Ich bewahre den gefangenen Fisch entweder in ner Tüte mit Wasser auf, ansonsten einfach ab in eine Tüte ohne Wasser und dann Rutenhalter oder Stock ins Wasser und Tüte dran festmachen...Dann ist der Fisch auch wie im Kühlschrank gekühlt...


----------



## Taxidermist (9. Mai 2008)

*AW: Wie lange bleibt Fisch Frisch???*

Entweder schleppst du wirklich eine Kühlbox mit,wobei ich dazu immer mehrere 1,5l Getränkeflaschen mit Wasser befüllt einfriere,die halten viel länger als diese Kühlakkus.
Aber beim befüllen mit Wasser etwas Luft lassen,sonst knallts in der Kühltruhe!
Eine andere Methode Fische frisch zu halten,ist das Aufhängen im Schatten,in diesen 
Baumwolltragetaschen,wobei man diese feucht halten sollte (Kondensationskühlung).
Ich nehme die Fische allerdings erst aus,wenn es nach Hause geht,da beim Ausnehmen
unweigerlich Bakterien in der Bauchhöhle des Fischs verteilt werden,die dann erst recht
zum schnellen Verderben des Fischs führen.
Diese Methode habe ich schon bei Temperaturen bis ca. 25° getestet und die Fische so
über den ganzen Tag gebracht,geht allerdings nicht bei schwülem Wetter.
Eine andere Methode ist,das versenken Fischs auf mindestens 10m Wassertiefe,denn dort
hast du Kühlschranktemperatur,dazu wird man aber in der Regel ein Boot brauchen.
Flusskrebse gibt es nur bis zu einer Tiefe von ca.6m,wie das mit Wollhandkrabben aussieht weiß ich aber nicht.
Absolut abraten würde ich von den "Undertaker" Methoden.Plastiktüte und noch gefüllt
mit Wasser,dazu noch im warmen Flachwasser aufgehängt,dürften ziemlich schnell
zu Gammelfisch führen.Also falscher kann man es fast nicht machen!
Man sollte generell Fisch nicht im Wasser lagern,außer er lebt noch und das ist eindeutig
die beste Methode Fisch frisch zu halten.Der Setzkescher!

Taxidermist


----------



## WickedWalleye (9. Mai 2008)

*AW: Wie lange bleibt Fisch Frisch???*



Taxidermist schrieb:


> Plastiktüte und noch gefüllt
> mit Wasser,dazu noch im warmen Flachwasser aufgehängt,dürften ziemlich schnell
> zu Gammelfisch führen.Also falscher kann man es fast nicht machen!




Doch.
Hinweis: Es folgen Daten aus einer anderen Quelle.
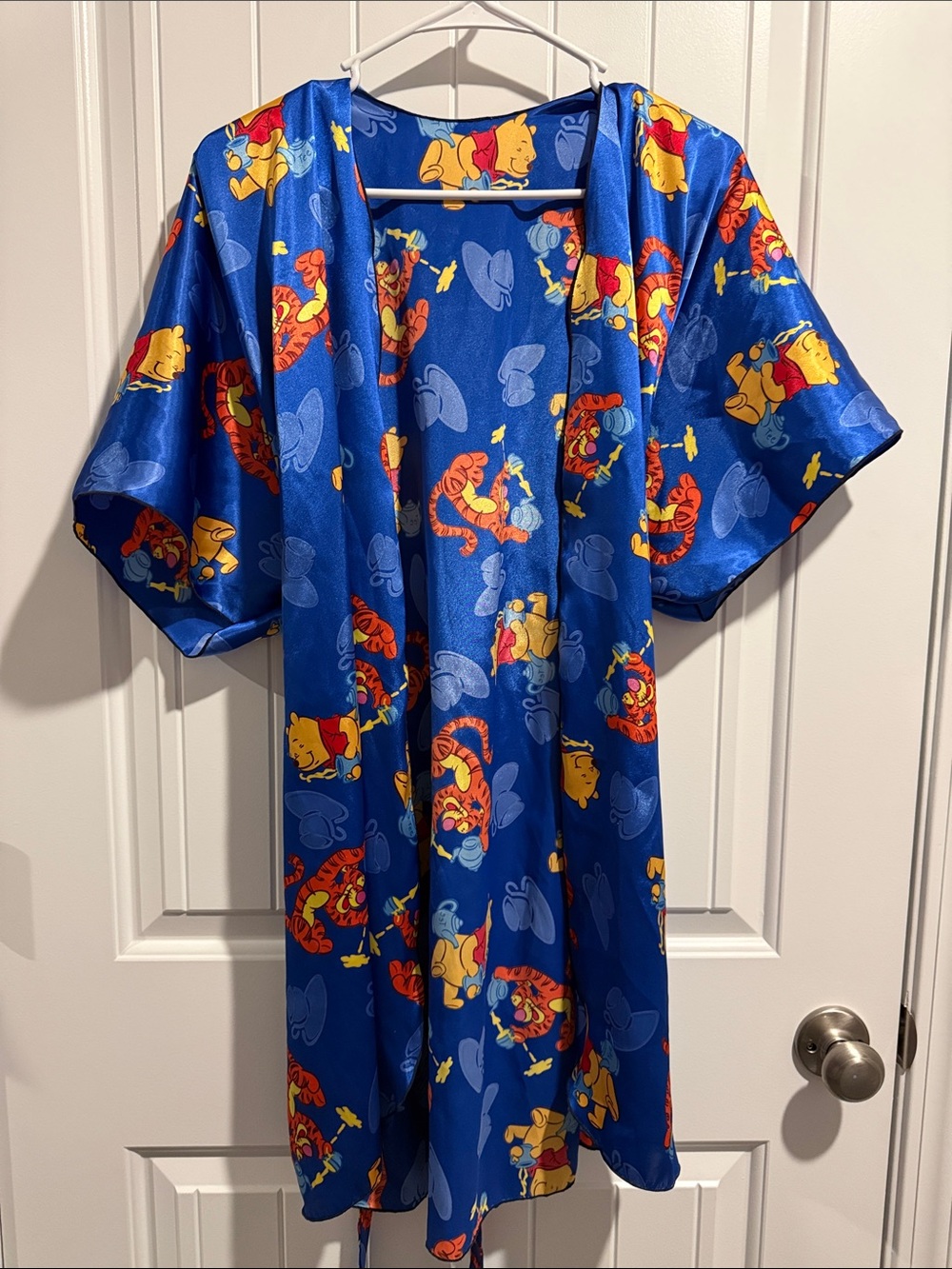 Blue Winnie the Pooh & Tigger Satin Lounge Set - Picture 5 of 8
Die Plastiktüte dazu noch verschließen, damit sich ein schönes Mikro-Klima bilden kann. |supergri


----------



## Ralle 24 (9. Mai 2008)

*AW: Wie lange bleibt Fisch Frisch???*

Zwei wesentliche Dinge müssen beachtet werden. Der Fisch soll kühl und luftig aufbewahrt werden. Das sagt eigentlich schon die Logik.
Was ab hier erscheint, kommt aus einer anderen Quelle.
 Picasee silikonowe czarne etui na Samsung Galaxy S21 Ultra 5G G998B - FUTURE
Luftdichte Behältnisse scheiden somit aus, es sei denn man verwendet Kühlakkus.

Aber es geht auch ohne. 

Am besten eignet sich ein Behältnis aus möglichst engmaschigem Korbgeflecht. Ein feuchtes ( nicht nasses ) Tuch als Unterlage und eins zum Abdecken. Den Fisch da rein ( ich nehm sie immer zu Hause aus, aber darüber streiten sich die Geister ) und an einen schattigen und möglichst kühlen Ort aufgehängt oder auf Reisig abgestellt. 
Fertig.


----------



## Fischpaule (9. Mai 2008)

*AW: Wie lange bleibt Fisch Frisch???*



Taxidermist schrieb:


> Eine andere Methode Fische frisch zu halten,ist das Aufhängen im Schatten,in diesen
> Baumwolltragetaschen,wobei man diese feucht halten sollte (Kondensationskühlung).



Dies halte ich auch für eine sehr gute Methode #6



Ralle 24 schrieb:


> ( ich nehm sie immer zu Hause aus, aber darüber streiten sich die Geister )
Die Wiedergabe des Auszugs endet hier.